• _What is required_
Skip the pictures. Retype exactly, and only, the lines between the line holding "Skoda Octavia 1.6" and the last line below, inclusive.

[Source data Boundary: Start]

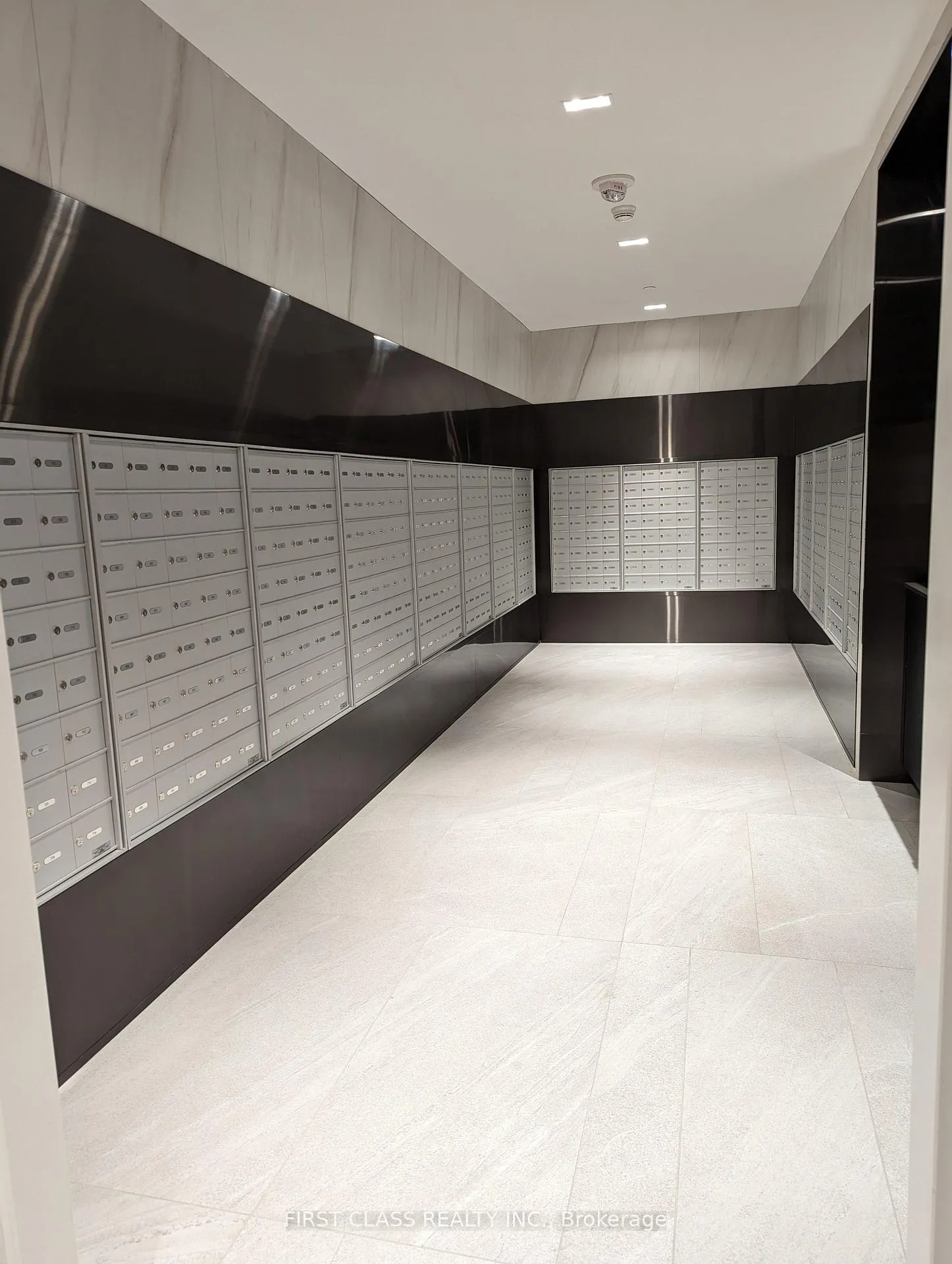 Photo 10 of Unit 2011, 319 Jarvis Street E, Toronto, Church-Yonge Corridor — HOMEH
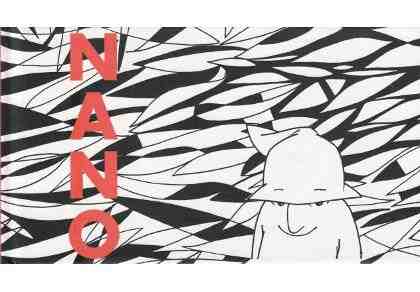 Nano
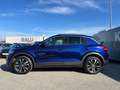 Volkswagen T-Roc 1,5 TSI ACT United | AHK*ACC Blau - thumbnail 6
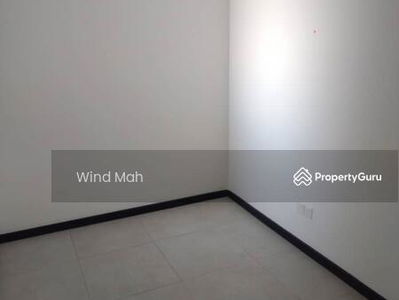 Neu Suites, Malaysia Neu Suites, Malaysia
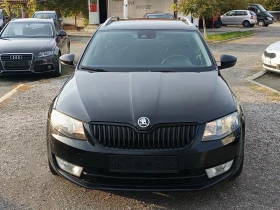 Skoda Octavia 1.6 110hp | Mobile.bg � ����� ������ 3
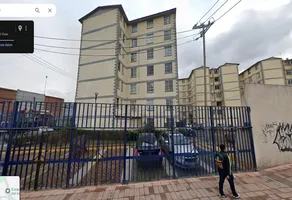 Foto de inmueble en Ferreria #195, Col. Santa Catarina C.P. 02250, Azcapotzalco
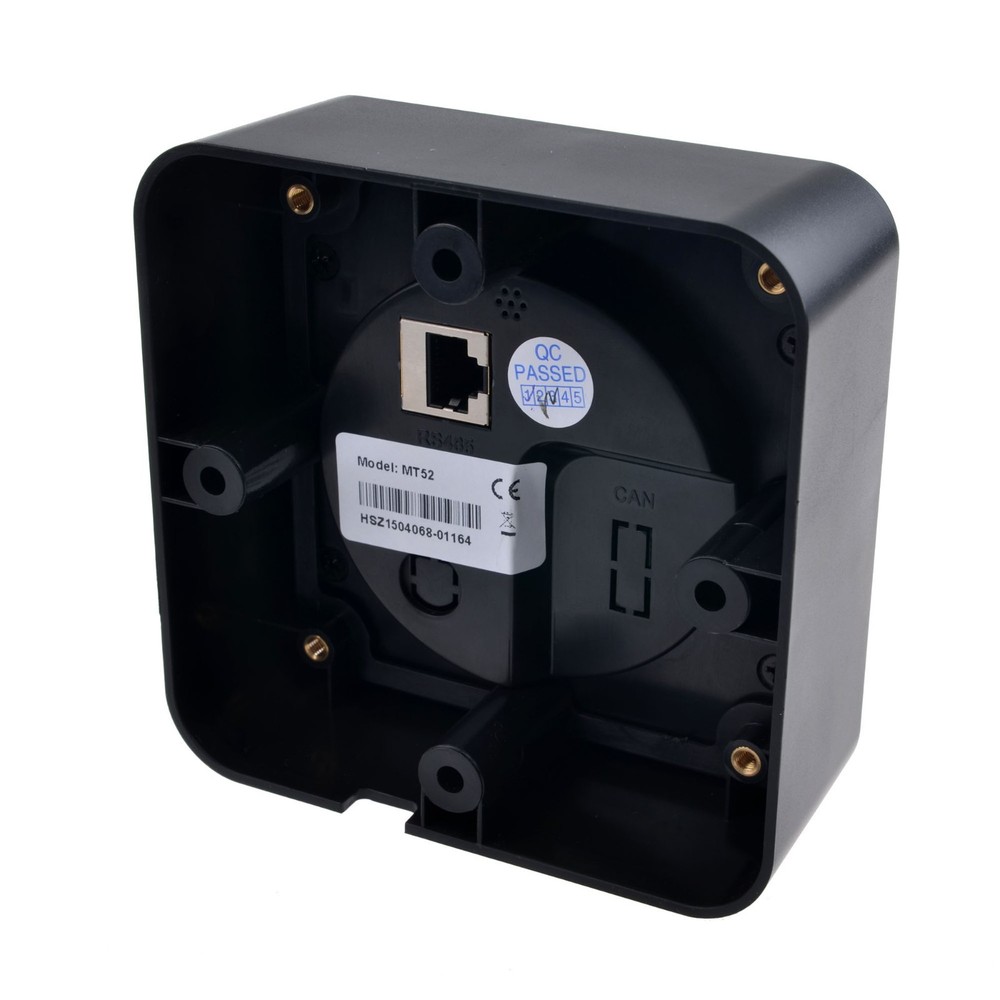 MT53 Remote Meter Compatible With The IT/ET-NC G3 Solar Controller LCD Display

[Source data Boundary: End]

• _Output of the task_
 Skoda Octavia 1.6 110hp | Mobile.bg � ����� ������ 3
 Foto de inmueble en Ferreria #195, Col. Santa Catarina C.P. 02250, Azcapotzalco
 MT53 Remote Meter Compatible With The IT/ET-NC G3 Solar Controller LCD Display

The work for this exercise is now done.